**Problem statement:**
Check each line of the data for "onto" and select those that have it.
Top of Given data
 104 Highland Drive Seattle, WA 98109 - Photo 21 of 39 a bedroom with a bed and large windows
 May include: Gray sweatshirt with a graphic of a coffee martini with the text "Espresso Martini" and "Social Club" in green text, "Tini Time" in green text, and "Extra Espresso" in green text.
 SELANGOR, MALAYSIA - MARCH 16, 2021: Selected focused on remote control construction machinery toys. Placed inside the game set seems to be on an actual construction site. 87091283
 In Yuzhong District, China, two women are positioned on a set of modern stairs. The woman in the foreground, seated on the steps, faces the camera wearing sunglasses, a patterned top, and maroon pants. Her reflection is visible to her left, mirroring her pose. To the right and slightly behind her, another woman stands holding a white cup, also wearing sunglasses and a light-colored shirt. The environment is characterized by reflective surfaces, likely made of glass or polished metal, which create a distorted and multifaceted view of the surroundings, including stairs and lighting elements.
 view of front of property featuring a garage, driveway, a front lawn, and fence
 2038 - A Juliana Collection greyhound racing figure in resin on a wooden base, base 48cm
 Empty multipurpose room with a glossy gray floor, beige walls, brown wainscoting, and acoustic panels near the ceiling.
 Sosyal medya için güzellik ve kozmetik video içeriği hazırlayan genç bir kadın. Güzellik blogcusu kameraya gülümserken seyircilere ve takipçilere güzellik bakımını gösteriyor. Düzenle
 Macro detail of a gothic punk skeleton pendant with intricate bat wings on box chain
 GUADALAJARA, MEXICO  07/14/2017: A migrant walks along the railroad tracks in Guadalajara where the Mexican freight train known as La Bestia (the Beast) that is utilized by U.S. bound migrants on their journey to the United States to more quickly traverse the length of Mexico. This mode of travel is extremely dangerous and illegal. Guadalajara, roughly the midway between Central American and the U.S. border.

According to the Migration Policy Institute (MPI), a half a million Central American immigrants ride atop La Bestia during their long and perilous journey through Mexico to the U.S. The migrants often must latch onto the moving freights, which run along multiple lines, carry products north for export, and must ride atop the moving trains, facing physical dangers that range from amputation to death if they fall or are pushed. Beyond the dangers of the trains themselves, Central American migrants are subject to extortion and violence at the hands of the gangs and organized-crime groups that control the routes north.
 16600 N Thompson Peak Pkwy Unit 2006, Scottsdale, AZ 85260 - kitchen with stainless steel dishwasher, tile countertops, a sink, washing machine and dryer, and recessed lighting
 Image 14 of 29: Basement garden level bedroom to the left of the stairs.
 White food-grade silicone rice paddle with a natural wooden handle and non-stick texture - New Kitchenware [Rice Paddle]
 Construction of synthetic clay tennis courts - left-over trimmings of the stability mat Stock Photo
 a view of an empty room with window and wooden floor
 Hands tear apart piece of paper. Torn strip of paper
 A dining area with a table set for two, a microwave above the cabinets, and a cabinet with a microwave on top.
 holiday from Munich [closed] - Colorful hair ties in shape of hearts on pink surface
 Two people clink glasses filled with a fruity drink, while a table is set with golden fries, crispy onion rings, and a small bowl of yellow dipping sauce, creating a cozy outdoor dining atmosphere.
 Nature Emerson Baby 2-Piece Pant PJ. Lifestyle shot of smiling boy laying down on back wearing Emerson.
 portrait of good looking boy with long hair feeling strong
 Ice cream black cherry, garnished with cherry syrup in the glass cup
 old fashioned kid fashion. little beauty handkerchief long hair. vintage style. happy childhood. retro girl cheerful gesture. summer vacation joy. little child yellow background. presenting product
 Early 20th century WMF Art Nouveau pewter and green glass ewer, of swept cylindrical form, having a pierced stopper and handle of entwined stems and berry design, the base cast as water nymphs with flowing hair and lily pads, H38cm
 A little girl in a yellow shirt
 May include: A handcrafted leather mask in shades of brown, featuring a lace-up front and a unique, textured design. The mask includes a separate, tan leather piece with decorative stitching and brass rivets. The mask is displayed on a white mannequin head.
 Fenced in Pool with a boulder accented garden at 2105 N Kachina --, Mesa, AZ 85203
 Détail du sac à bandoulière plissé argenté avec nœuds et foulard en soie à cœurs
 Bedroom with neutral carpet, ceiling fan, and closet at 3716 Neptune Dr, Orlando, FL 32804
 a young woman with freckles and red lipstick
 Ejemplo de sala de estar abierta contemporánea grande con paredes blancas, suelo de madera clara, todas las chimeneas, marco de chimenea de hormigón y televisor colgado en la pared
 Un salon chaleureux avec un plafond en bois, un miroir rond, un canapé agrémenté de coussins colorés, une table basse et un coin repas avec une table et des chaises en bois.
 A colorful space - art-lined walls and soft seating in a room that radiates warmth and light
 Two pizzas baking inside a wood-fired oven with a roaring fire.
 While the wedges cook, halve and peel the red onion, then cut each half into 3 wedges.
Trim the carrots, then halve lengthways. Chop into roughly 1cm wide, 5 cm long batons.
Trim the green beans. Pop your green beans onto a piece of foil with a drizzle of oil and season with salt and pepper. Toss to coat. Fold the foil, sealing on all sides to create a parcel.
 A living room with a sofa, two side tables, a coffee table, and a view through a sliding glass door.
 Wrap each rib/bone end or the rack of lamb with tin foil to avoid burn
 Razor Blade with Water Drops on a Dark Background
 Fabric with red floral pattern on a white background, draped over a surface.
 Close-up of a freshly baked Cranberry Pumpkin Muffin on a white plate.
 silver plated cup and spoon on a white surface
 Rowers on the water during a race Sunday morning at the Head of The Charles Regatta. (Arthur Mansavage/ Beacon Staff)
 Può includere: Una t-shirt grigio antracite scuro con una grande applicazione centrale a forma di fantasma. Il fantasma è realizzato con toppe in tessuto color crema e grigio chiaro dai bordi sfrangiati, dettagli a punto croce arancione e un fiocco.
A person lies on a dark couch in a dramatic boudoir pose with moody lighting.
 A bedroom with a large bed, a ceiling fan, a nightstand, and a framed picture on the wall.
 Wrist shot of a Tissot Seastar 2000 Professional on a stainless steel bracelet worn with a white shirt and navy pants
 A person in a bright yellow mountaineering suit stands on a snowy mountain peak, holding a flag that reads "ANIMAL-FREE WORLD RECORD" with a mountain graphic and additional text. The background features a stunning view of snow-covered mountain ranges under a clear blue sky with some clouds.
Bottom of Given data
**Answer for this exercise:**
According to the Migration Policy Institute (MPI), a half a million Central American immigrants ride atop La Bestia during their long and perilous journey through Mexico to the U.S. The migrants often must latch onto the moving freights, which run along multiple lines, carry products north for export, and must ride atop the moving trains, facing physical dangers that range from amputation to death if they fall or are pushed. Beyond the dangers of the trains themselves, Central American migrants are subject to extortion and violence at the hands of the gangs and organized-crime groups that control the routes north.
Trim the green beans. Pop your green beans onto a piece of foil with a drizzle of oil and season with salt and pepper. Toss to coat. Fold the foil, sealing on all sides to create a parcel.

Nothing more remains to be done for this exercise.